# PROBLEM STATEMENT
Starting with the line that contains "It's easy to" and stopping after the line that contains "This vehicle has", copy the entries below exactly. Include nothing else.

# SUPPLIED INFORMATION
*** Begin section ***
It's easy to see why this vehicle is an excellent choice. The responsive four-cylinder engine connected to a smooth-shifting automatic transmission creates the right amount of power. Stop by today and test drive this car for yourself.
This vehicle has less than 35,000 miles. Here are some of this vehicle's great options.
*** End section ***
*** Begin section ***
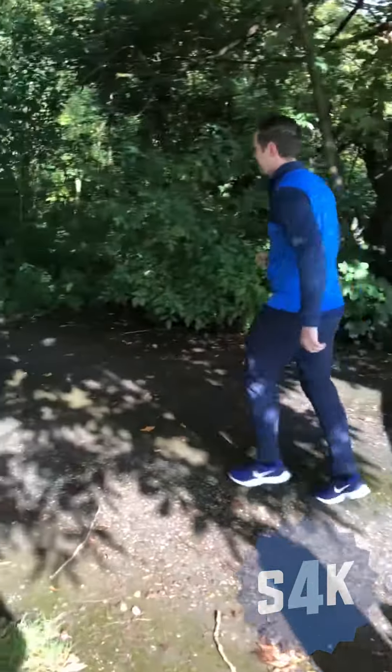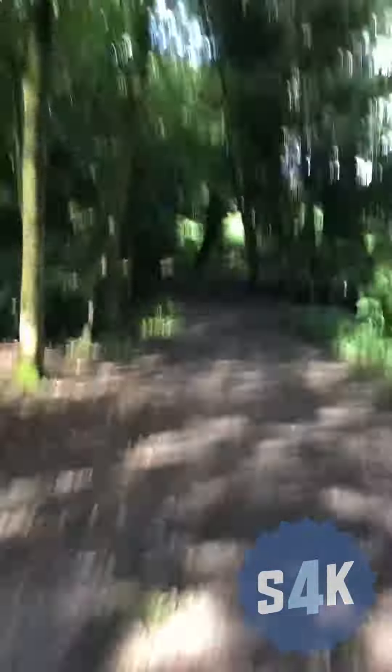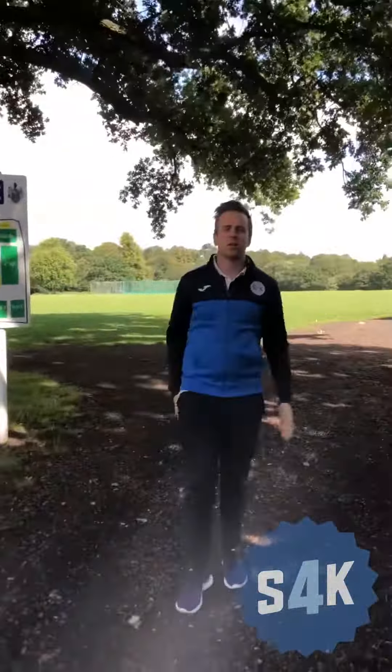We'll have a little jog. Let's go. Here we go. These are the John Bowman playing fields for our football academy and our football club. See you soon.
*** End section ***
# COMPLETED EXERCISE
It's easy to see why this vehicle is an excellent choice. The responsive four-cylinder engine connected to a smooth-shifting automatic transmission creates the right amount of power. Stop by today and test drive this car for yourself.
This vehicle has less than 35,000 miles. Here are some of this vehicle's great options.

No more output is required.